DERVİŞ YOLU GÜLŞEN-İ TEVHİD 176

Ey meni buguzar u cay-ı havf baş
Buguzer ez namus rüsva bâş u faş
 (Hazreti Mevlana, Mesnevi 2.inci cilt 2331 inci beyit açıklaması)

“ Nefsin hilesinden emin olmayı bırak da korku yeri ol.
Namustan ( Toplumun ahlak kurallarına ve toplumsal değerlere bağlılık) geç kepaze ol, apaçık böyle ol.”

Aklını başına al, bil ki Allah’tan korkmaktan eminliğe kavuşursun.
İftihar (Övünç, kıvanç) etmek istiyorsan, Hak yolunda namusu, ârı (Utanmayı) bırak.

Allah’tan kork, kendinden geç (Kendi düşüncenden vazgeç).
Tanrı yolunda, ar etmeyen kepaze bir âşık ol.

Sen ki elinde asa (Ümit ve korkuda dayanak) tutmaya muhtaçken, kendinden nasıl geçebilirsin?
Onun için bir pir (Yaşlı bilge) iste.

Asasını çekecek bir kimsesi olmayan kör, gidilecek yolunu nasıl bulur?
Kör, bir asa çekiciden uzak kalmayasın.

Sana doğru yolu şeyh gösterir.
Onun himmeti (Yardımı, kayırması) senin nefis şeytanını öldürür.

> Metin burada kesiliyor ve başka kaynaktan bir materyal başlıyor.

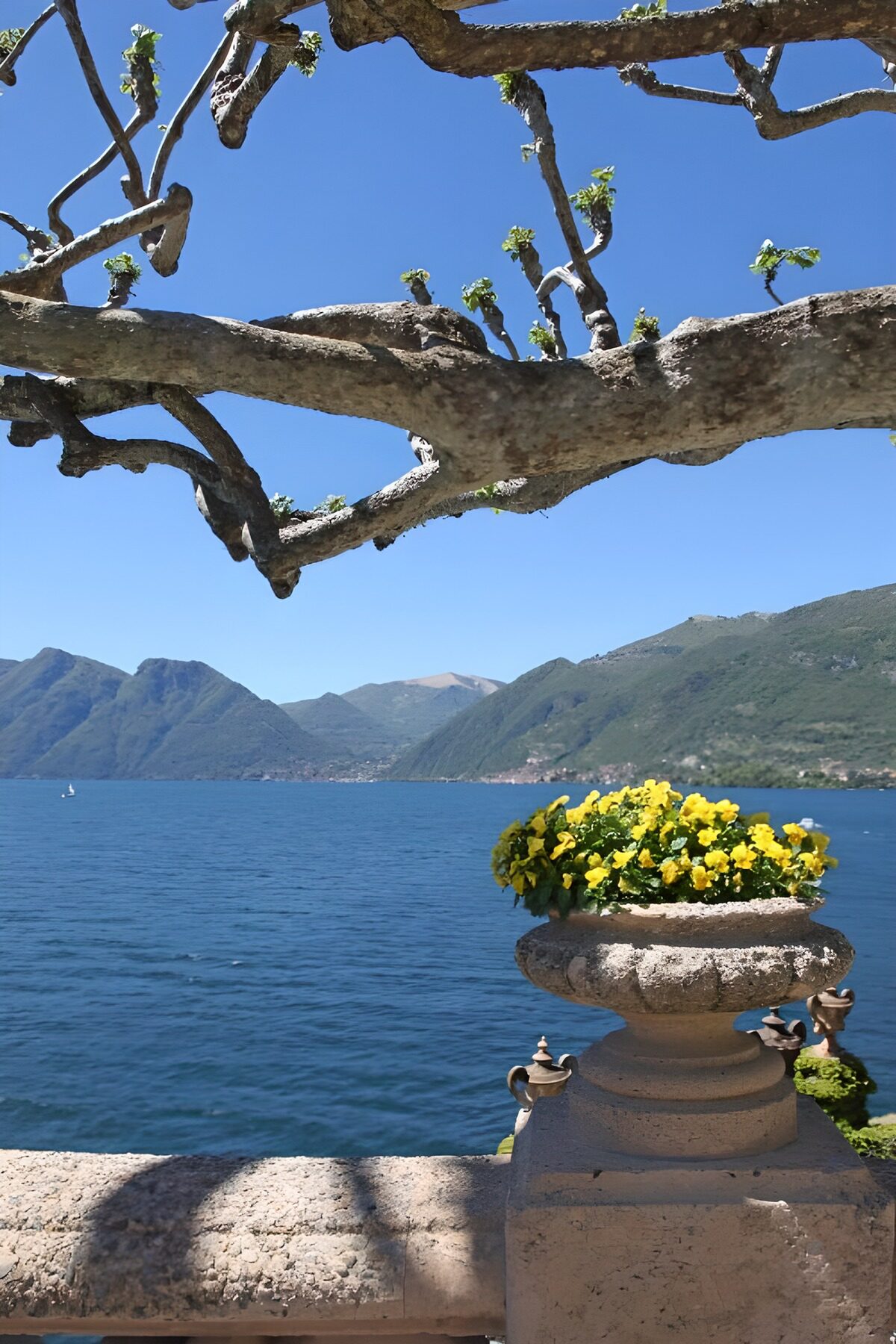 PDGIT8716203: Fiori gialli e rami affacciati sul lago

                                            ***
Neler öğrendik:
1.    Toplumun kurallarına bağlı kalmaktan kendimizi kurtarmamız gerektiğini öğrendik.
2.    Toplumun bizim için ne dediğini önemsememiz gerektiğini öğrendik.
3.    Toplumdan değil Allah’tan korkmamız gerektiğini öğrendik.
4.    Toplum değerlerini kendimiz için önemsiz kılıp Allah’ın değerlerini önemsememiz ve bunu doğru yapmamız için bilge bir yaşlının kılavuzluğuna ihtiyacımız olduğunu öğrendik.
                                             *                                      
İşte böyle yaren,

Girdiğin her toplumun kendine özgü örf, adet, gelenek, görenek ve tutkuları vardır ve bunlar yöresel imkân ve düşüncelerden oluşmuştur.

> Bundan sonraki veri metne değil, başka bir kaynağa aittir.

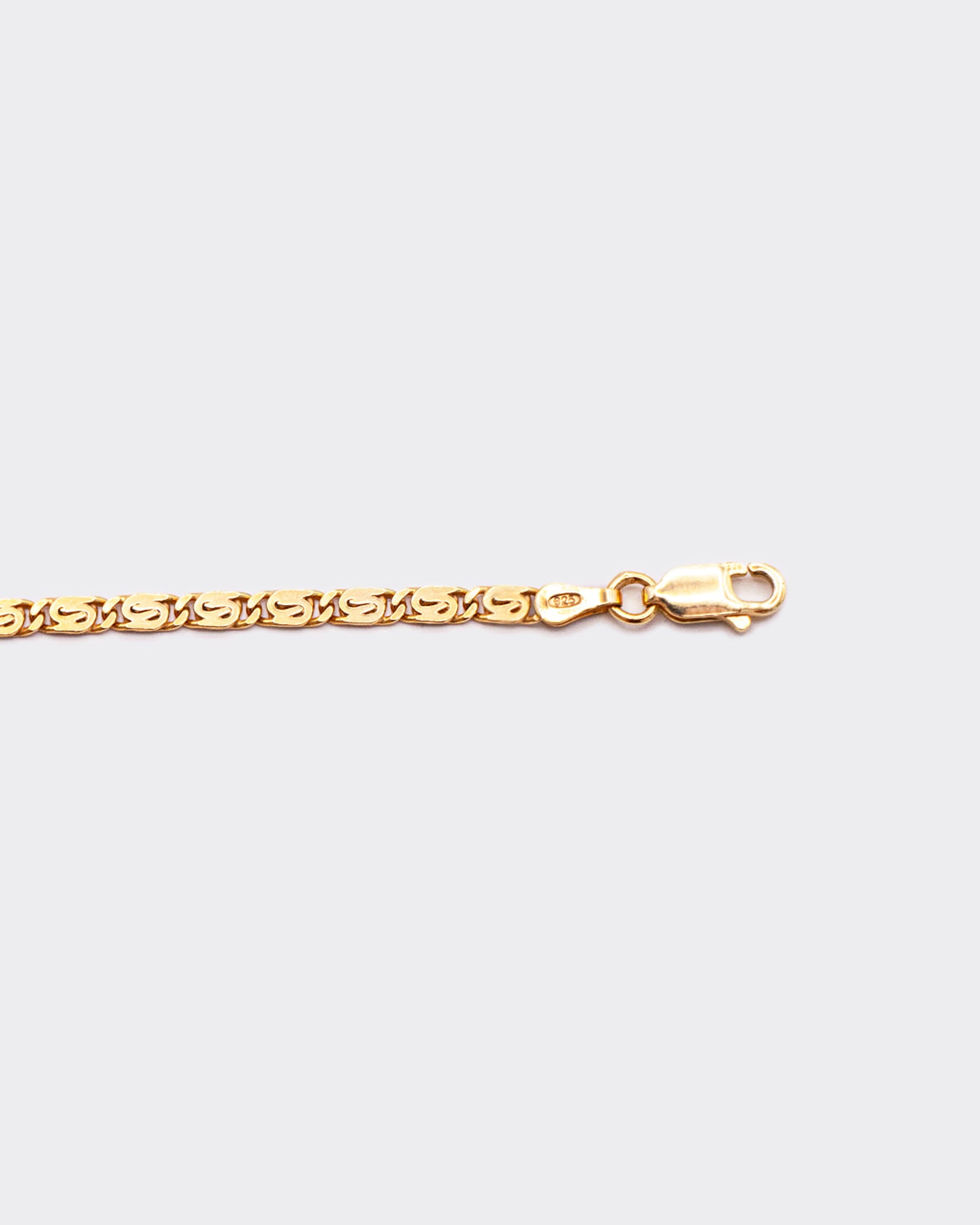 THE SNAIL CHAIN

Bize önerilen insan topluluğunun değerlerinden kendimizi kurtararak Allah’ın değerlerine göre hareket etmemiz gerekmektedir.

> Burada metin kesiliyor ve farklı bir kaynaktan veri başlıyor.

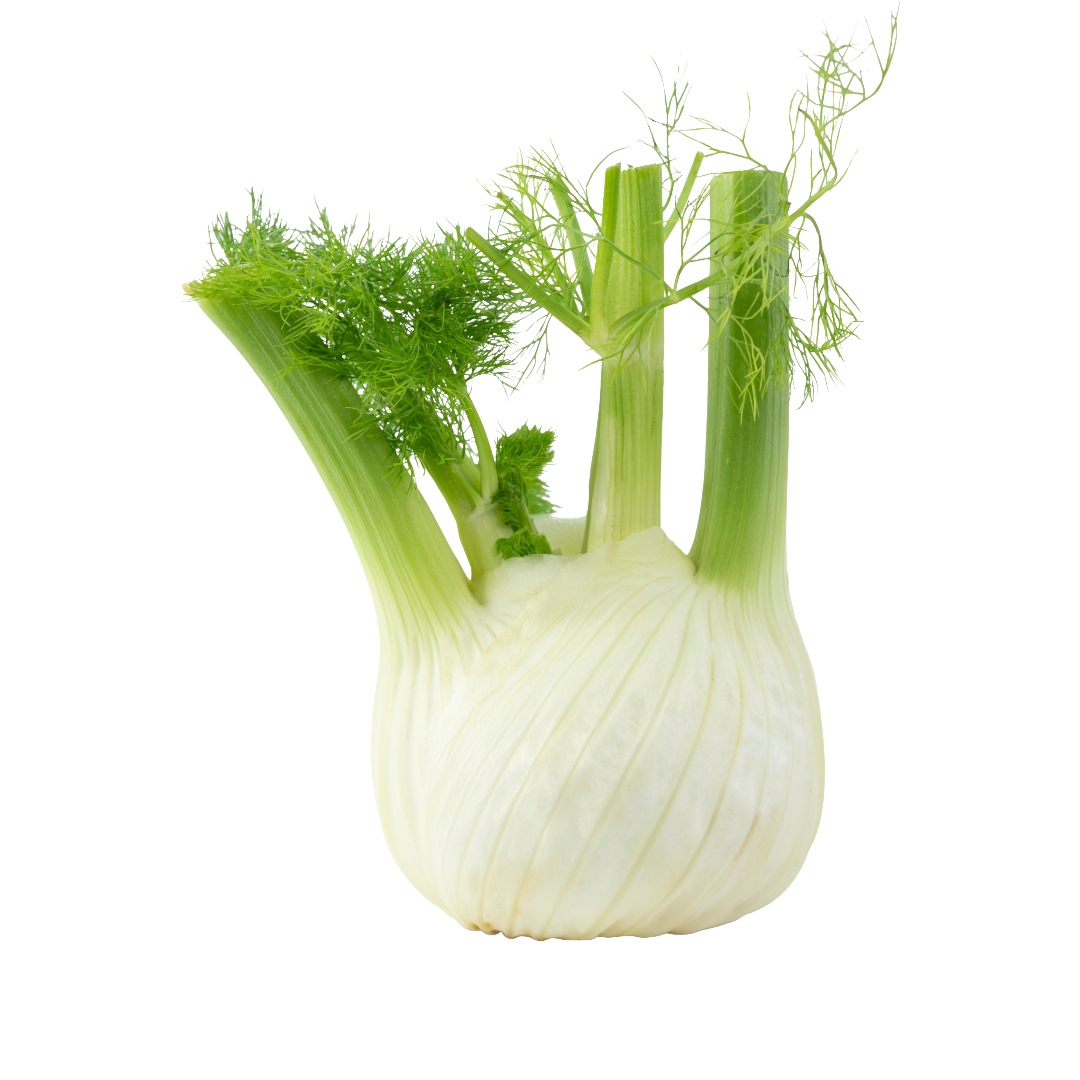 Bio-Fenchel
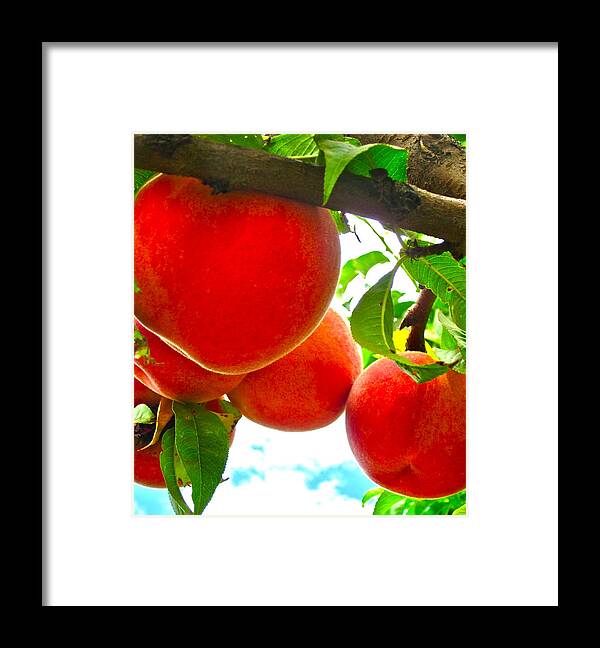Photograph Of Peaches Framed Print featuring the photograph Ready to Pick by Gwyn Newcombe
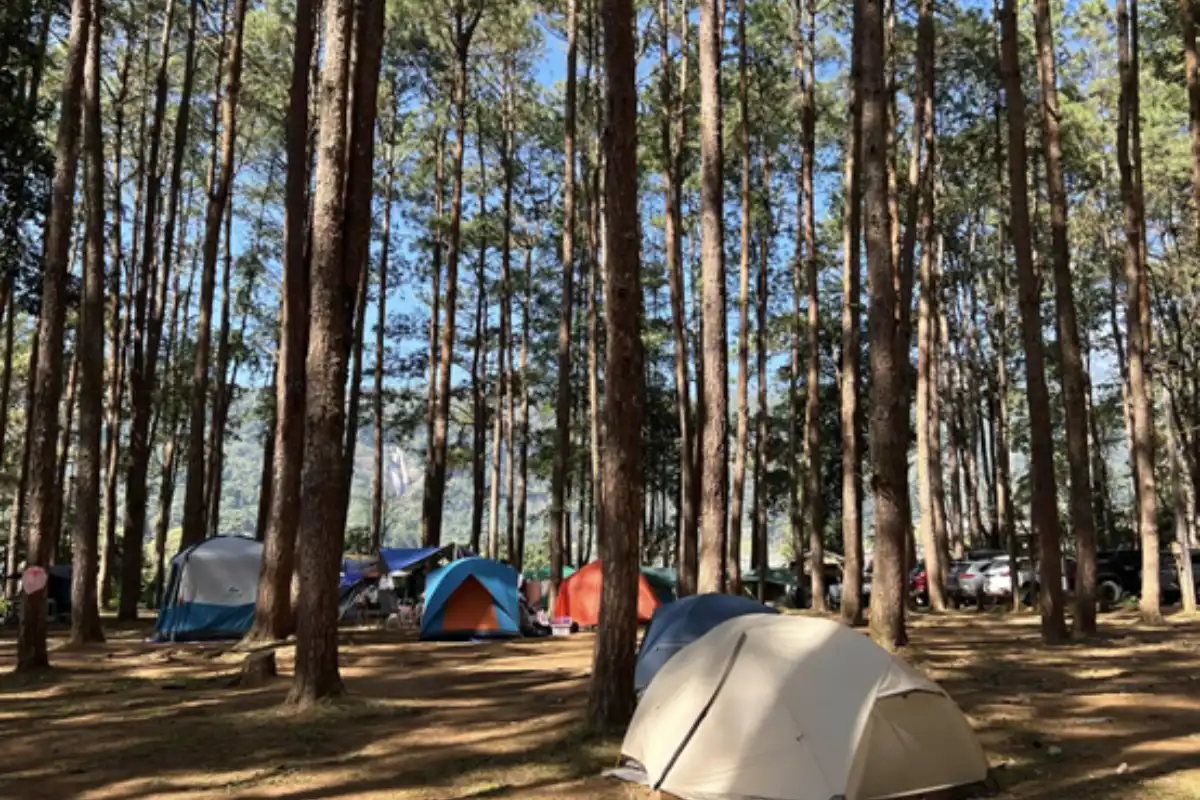 A view of the camping tents at the Doi Inthanon National Park in Chiang Mai
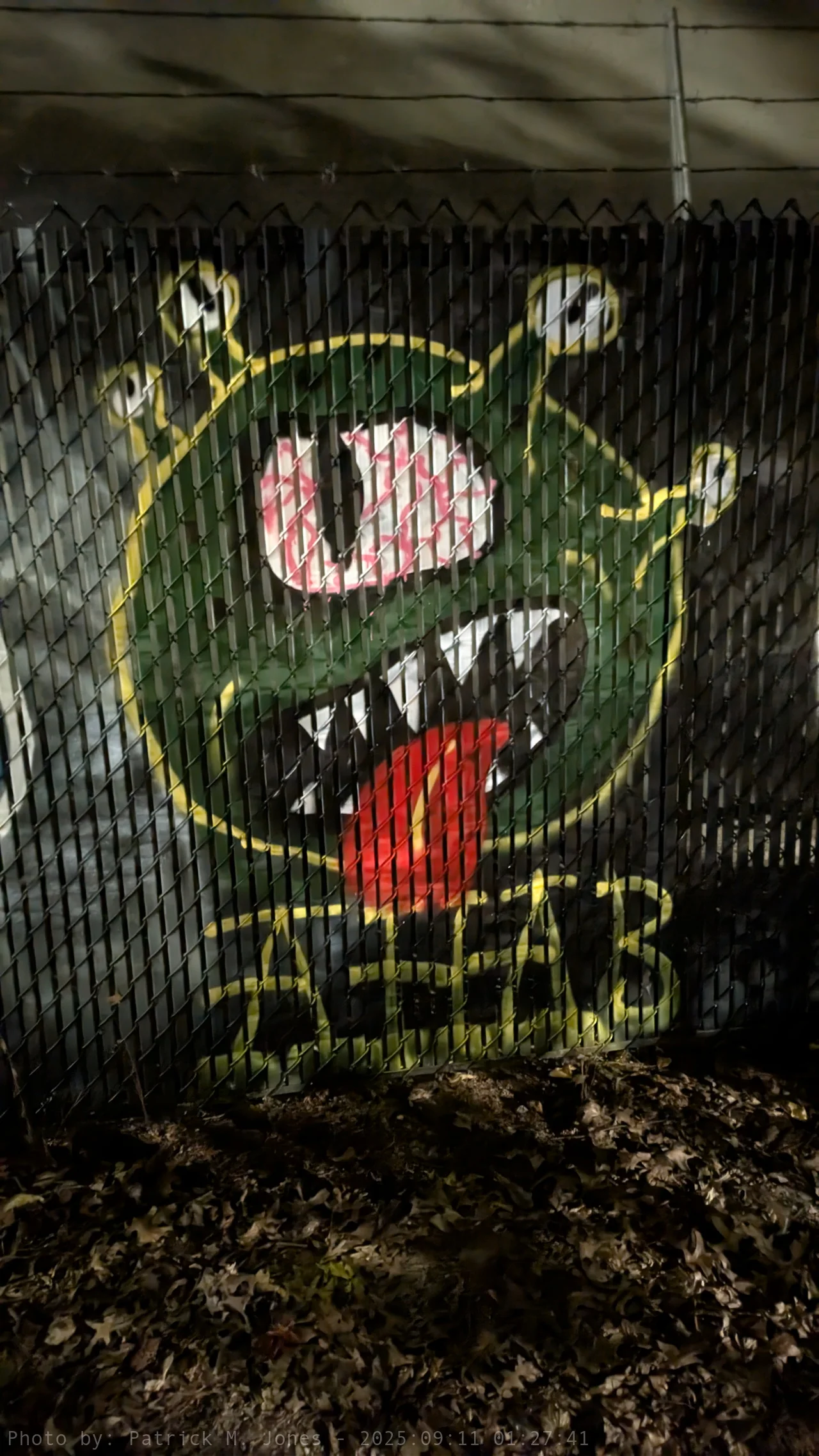 Green beholder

Bir iş yaparken kendine sor:
“ Ben böyle bir iş yapacağım Allah böyle yaparsam ne der” diye.

Allah’a bağlanmış kalp daima doğru karar aldırır ve sonuç hayırlı olur.
Eğer kendine şöyle sorarsan:
“ Bu yapacağıma halk ne der” dersen.

Halka bağlanmış insan örf, adet, gelenek, çıkar, imaj gibi birçok davranışımıza yön veren etkilerin karışıklığından ya kararsız kalırız ya da isabetli karar veremeyiz.

Halkın üstümüzdeki, isteklerimizin üstümüzdeki baskılarından kurtulmamız, doğru olanı yapmak için de eğer kendimiz olgunluğa ulaşmamışsak Allah’a bağlı bilge kişiye sorarak onun önerisini anlamasak bile yapmamız gerekmektedir.

Yaşlı bilgenin ne kadar doğru yönlendirdiğini işin sonuçlarından öğrenir ve kabul edersin.